Task =>
In the material below, find the line with "NEWLY RENOVATED HDFC" and the line with "Foghorn Leghorn T-shirt (Voorkant volledig)", then output both and every line between them exactly, omitting pictures.

Dataset =>
★ ★ ★ ★ ★ ★ ★
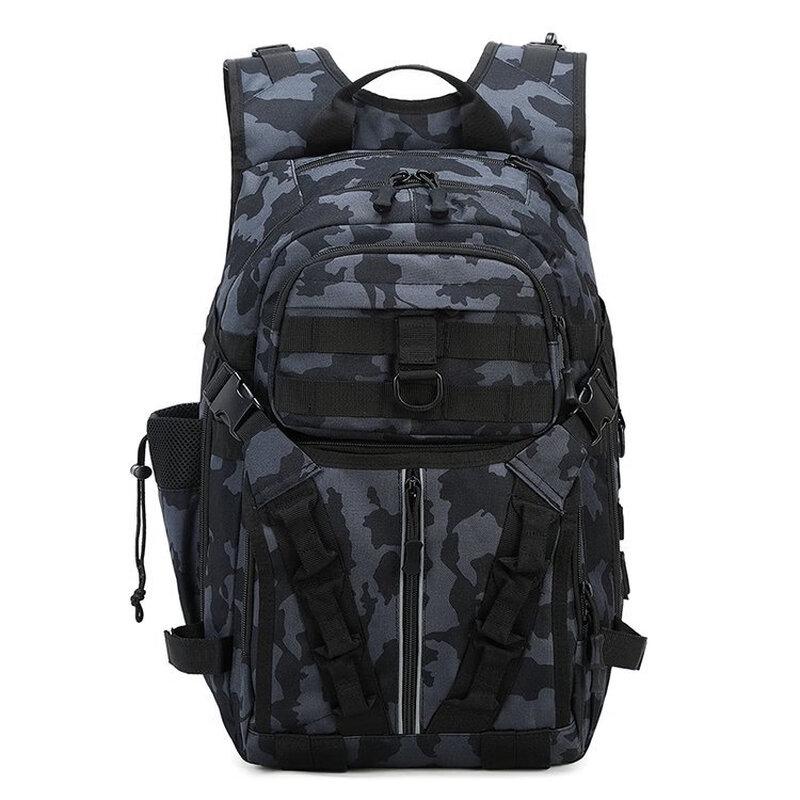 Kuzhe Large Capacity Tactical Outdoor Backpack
★ ★ ★ ★ ★ ★ ★
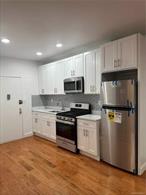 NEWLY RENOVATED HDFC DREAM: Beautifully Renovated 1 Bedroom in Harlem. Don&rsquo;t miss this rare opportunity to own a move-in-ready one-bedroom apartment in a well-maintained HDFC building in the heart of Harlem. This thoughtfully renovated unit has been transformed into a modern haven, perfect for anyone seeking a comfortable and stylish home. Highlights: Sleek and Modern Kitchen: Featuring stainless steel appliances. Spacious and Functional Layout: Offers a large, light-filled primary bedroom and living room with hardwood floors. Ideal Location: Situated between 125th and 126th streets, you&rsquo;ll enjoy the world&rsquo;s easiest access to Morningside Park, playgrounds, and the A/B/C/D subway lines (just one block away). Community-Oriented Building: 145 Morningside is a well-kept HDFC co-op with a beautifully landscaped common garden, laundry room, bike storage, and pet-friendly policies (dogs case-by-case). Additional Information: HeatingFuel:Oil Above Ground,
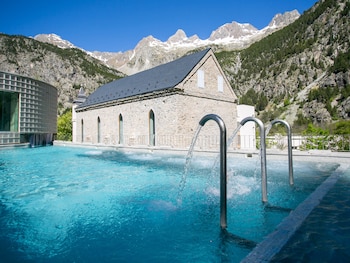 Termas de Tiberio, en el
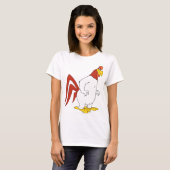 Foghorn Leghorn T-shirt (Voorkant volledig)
★ ★ ★ ★ ★ ★ ★
Answer space =>
 NEWLY RENOVATED HDFC DREAM: Beautifully Renovated 1 Bedroom in Harlem. Don&rsquo;t miss this rare opportunity to own a move-in-ready one-bedroom apartment in a well-maintained HDFC building in the heart of Harlem. This thoughtfully renovated unit has been transformed into a modern haven, perfect for anyone seeking a comfortable and stylish home. Highlights: Sleek and Modern Kitchen: Featuring stainless steel appliances. Spacious and Functional Layout: Offers a large, light-filled primary bedroom and living room with hardwood floors. Ideal Location: Situated between 125th and 126th streets, you&rsquo;ll enjoy the world&rsquo;s easiest access to Morningside Park, playgrounds, and the A/B/C/D subway lines (just one block away). Community-Oriented Building: 145 Morningside is a well-kept HDFC co-op with a beautifully landscaped common garden, laundry room, bike storage, and pet-friendly policies (dogs case-by-case). Additional Information: HeatingFuel:Oil Above Ground,
 Termas de Tiberio, en el
 Foghorn Leghorn T-shirt (Voorkant volledig)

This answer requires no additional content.